Ce convoi est composé au départ de Compiègne, de 1175 hommes (1100 « otages communistes » – jeunes communistes, anciens responsables politiques et élus du Parti communiste, syndicalistes de la CGT et délégués du personnel d’avant-guerre, militants et syndicalistes clandestins, résistants – de cinquante  « otages juifs » et de quelques « droits communs »). Il faisait partie des mesures de terreur allemandes destinées à combattre, en France, les judéo-bolcheviks responsables, aux yeux de Hitler, des actions armées organisées par le parti communiste clandestin contre des officiers et des soldats de la Wehrmacht, à partir d’août 1941. Lire dans le site le récit des deux jours du transport : Compiègne-Auschwitz : 6-8 juillet 1942. Sur les 1175 otages partis de Compiègne le 6 juillet 1942, 1170 sont présents à l’arrivée du train en gare d’Auschwitz le 8 juillet 1942. Ces derniers sont enregistrés et photographiés au Stammlager d’Auschwitz (camp souche ou camp principal, dénommé en 1943 Auschwitz-I) entre les numéros « 45157 » et « 46326 », d’où le nom de « convoi des 45000 », sous lequel les déportés du camp désignaient ce convoi. Ce matricule – qu’il doit apprendre à dire en allemand et en polonais à toute demande des Kapos et des SS – sera désormais sa seule identité. Lire dans le site : Le KL Auschwitz-Birkenau

Paul Dumont est enregistré à son arrivée à Auschwitz le 8 juillet 1942 sous le numéro « 45503 ».

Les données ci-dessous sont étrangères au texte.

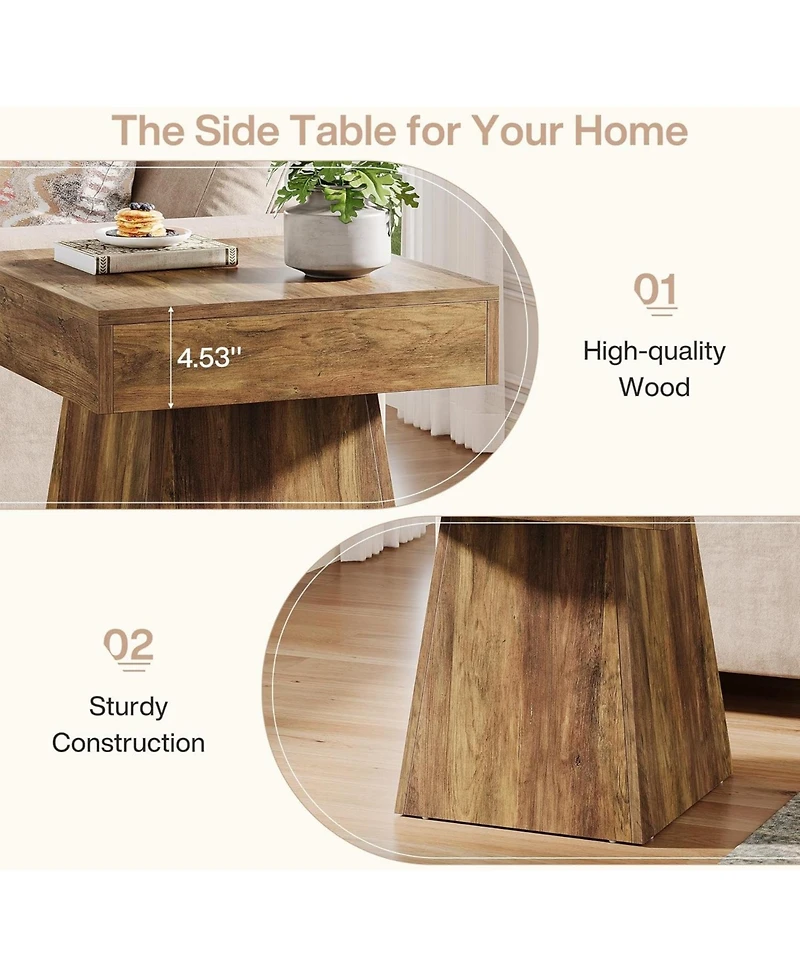 Tribesigns Small End Table, Rustic Square Side Table with Wide Base, Farmhouse Small Nightstand Beside Bed, Next to Armchair, for Living Room, Brown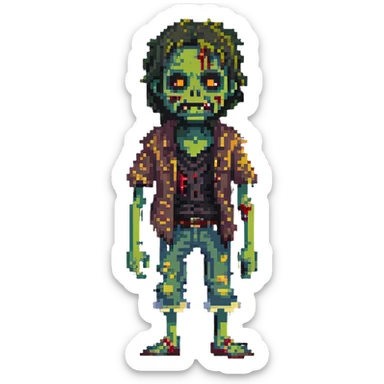 zombie with decaying skin and tattered clothes sticker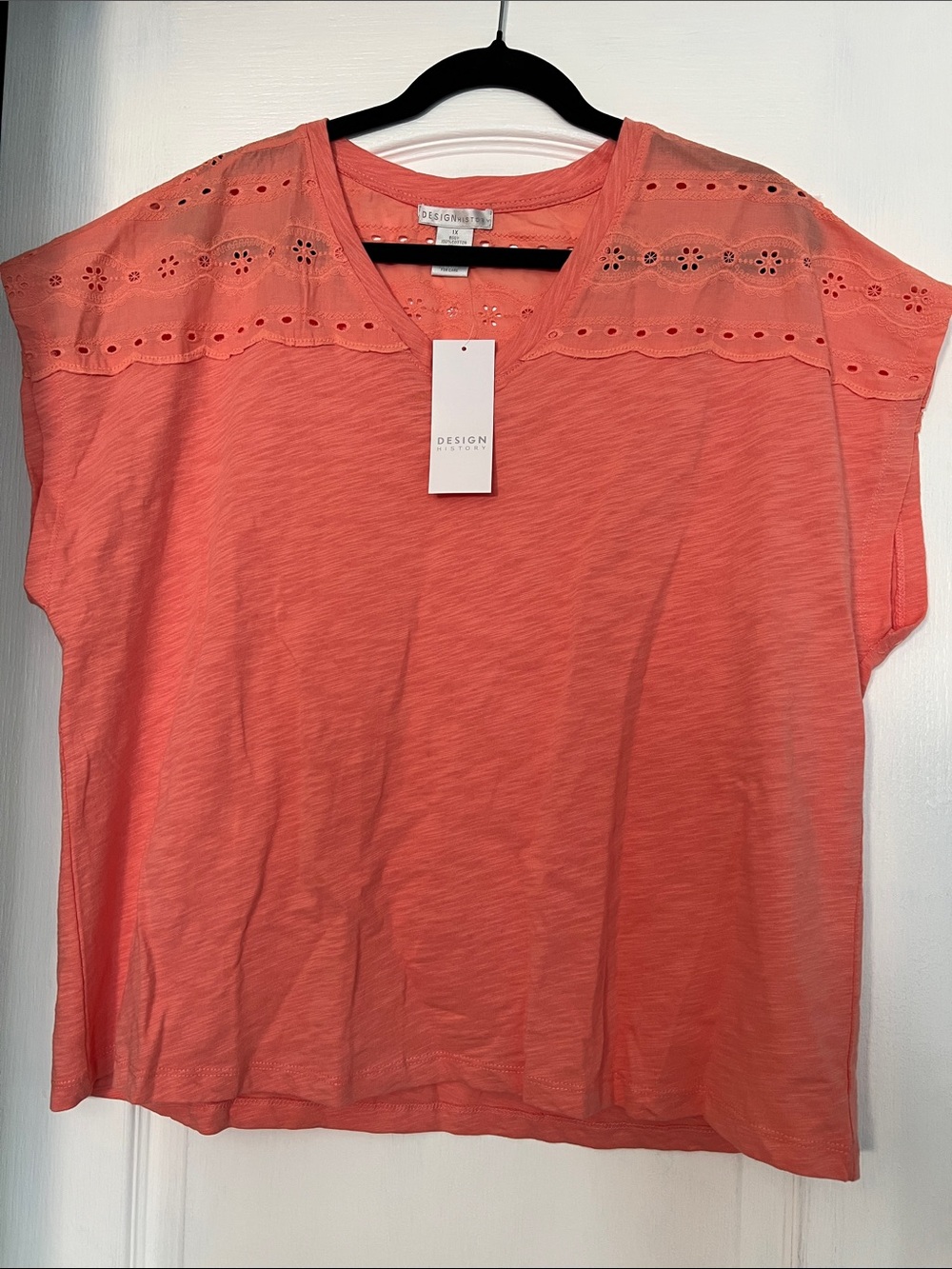 Design History Coral Eyelet Cotton V-Neck Top 1X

Sa photo d’immatriculation (2) à Auschwitz a été retrouvée parmi celles que des membres de la Résistance intérieure du camp avaient camouflées pour les sauver de la destruction, ordonnée par les SS peu de temps avant l’évacuation d’Auschwitz.
Lire dans le site le récit de leur premier jour à Auschwitz : L’arrivée au camp principal, 8 juillet 1942. et 8 juillet 1942 : Tonte, désinfection, paquetage, « visite médicale ».  Après l’enregistrement, il passe la nuit au Block 13 (les 1170 déportés du convoi y sont entassés dans deux pièces). Le 9 juillet tous sont conduits à pied au camp annexe de Birkenau, situé à 4 km du camp principal. Le 13 juillet il est interrogé sur sa profession. Les spécialistes dont les SS ont besoin pour leurs ateliers sont sélectionnés et vont retourner à Auschwitz I (approximativement la moitié du convoi. Les autres, restent à Birkenau, employés au terrassement et à la construction des Blocks.

On ignore dans quel camp il est affecté à cette date.

Stèle à Issy : Camille Delbès, Paul Dumont, Louis Lacour, Ernest Rossignol. Quatre « 45000 » sont honorés. Il y manque Marcel Burel

Paul Dumont meurt à Auschwitz le 11 août 1942 selon les registres du camp.

Une plaque commémorative « A la mémoire de Paul Dumont, mort pour la France, victime de la barbarie nazie » est apposée au 25 rue Diderot. Son nom et celui
de trois autres « 45.000 » est honoré sur le monument aux morts de la commune.

in Historim © A. Bétry
Le 25 rue Diderot

Paul Dumont est homologué (GR 16
P 200277) au titre de la Résistance intérieure française (RIF) comme
appartenant à l’un des mouvements de Résistance dont les services justifient
une pension militaire pour ses ayants droit.

Note 1 : Le camp d’internement administratif de Rouillé (Vienne) est ouvert le 6 septembre 1941, sous la dénomination de «centre de séjour surveillé», pour recevoir 150 internés politiques venant de la région parisienne, c’est-à-dire membres du Parti Communiste dissous et maintenus au camp d’Aincourt depuis le 5 octobre 1940. D’autres venant de prisons diverses et du camp des Tourelles. In site de l’Amicale de Châteaubriant-Voves-Rouillé.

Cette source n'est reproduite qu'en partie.